Thai Junta Considers Changing Law to Help Southern Rebels Who Surrender

Mariyam Ahmad
2019.05.30
Pattani, Thailand
190530-TH-dissidents-surrender-620.jpg Former Thai Deep South army commander Gen. Piyawat Nakwanich welcomes suspected insurgents enrolling in the Bring People Home rehabilitation program, in Thepa district, Songkhla province, April 27, 2018.
Mariyam Ahmad/BenarNews

Thai security agencies agreed in principle this week to amend the National Security Act so the military could request that criminal charges be dropped against southern insurgents who lay down their weapons and enroll in a rehabilitation program, officials said.

Officials have been assigned to prepare the amendment, said Gen. Wallop Raksano, director general of the National Security Council, after a security meeting in Bangkok on Wednesday.

“The meeting agreed in principle to amend the 2008 National Security Act and assigned the Internal Security Operations Command to handle the amendment proposal,” Wallop told reporters without elaborating.

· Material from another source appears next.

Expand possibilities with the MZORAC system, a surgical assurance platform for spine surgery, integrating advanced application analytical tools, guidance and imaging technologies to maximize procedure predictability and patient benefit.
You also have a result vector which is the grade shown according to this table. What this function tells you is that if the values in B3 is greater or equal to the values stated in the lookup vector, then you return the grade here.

The proposed amendment was long overdue, said Panitan Wattanayagorn, who led Wednesday’s meeting and serves as adviser to Deputy Prime Minister Prawit Wongsuwan.

“This idea was initiated under the leadership of then-Prime Minister Abhisit Vejjajiva, to give a sort of immunity to defectors absent in previous laws,” Panitan told BenarNews on Thursday. “Officials could find its benefits and make use of it.”

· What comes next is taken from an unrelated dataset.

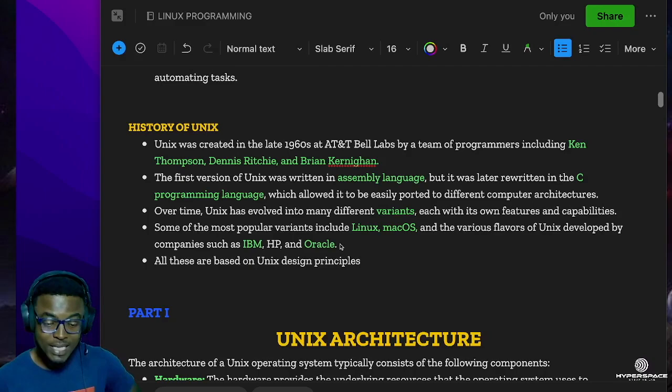So with that, we can go into our next lecture and begin to talk about the Unix architecture. See you in the next video.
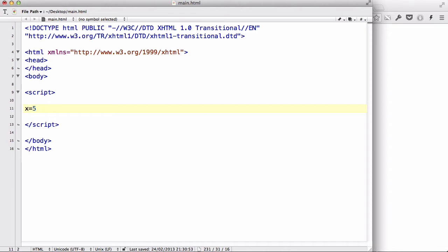Now, variables is actually this, this bit x, and this is the value. And in JavaScript, it's no different.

Abhisit served as prime minister from 2008 to 2011.

Since 2004, about 7,000 people have been killed in violence in Thailand’s insurgency-stricken Deep South. In many cases, rebels linked to the Barisan Revolusi Nasional – the country’s largest separatist insurgent group – are considered prime suspects.

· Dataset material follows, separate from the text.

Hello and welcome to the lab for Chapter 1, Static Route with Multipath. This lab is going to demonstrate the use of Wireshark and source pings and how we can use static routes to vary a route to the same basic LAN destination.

To ease violence in the mainly Muslim and Malay-speaking southern border region, the military has backed the state-run rehabilitation program, known as Bring People Home, since 2013. It allows enrollees to live in their home villages while attending activities, including “attitude adjustment” indoctrination sessions and vocational training, aimed at helping them get jobs and reintegrate into civilian life.

Under the act as written, those who wish to participate but have criminal records or face outstanding arrest warrants can get legal assistance and be promised a fair trial, but cannot be absolved by joining the program.

The amendment would allow the military to ask the attorney general to clear enrollees who registered with the Internal Security Operations Command Region 4 (ISOC-4), received training and proved themselves to be free of ties to insurgents during a two-year probationary period, according to the Bangkok Post.

Support for amendment

In Yala, one of the provinces in the Deep South, a Muslim cleric welcomed the proposal.

“That will be very good if there is a law to support the enrollees. They can rest assured they are entitled to have charges dropped,” said cleric Nimu Makaje, who is also a trainer in the Bring People Home project. “That will also make the program more efficient.”

He said some suspects who wanted to enroll in the program had been charged with criminal offenses by mistake.

Meanwhile, an ISOC-4 spokesman said he did not have the details of the proposal but that the military recognized its need.

“We are discussing this matter to make it benefit the enrollees,” Col. Pramote Prom-in told BenarNews on Thursday.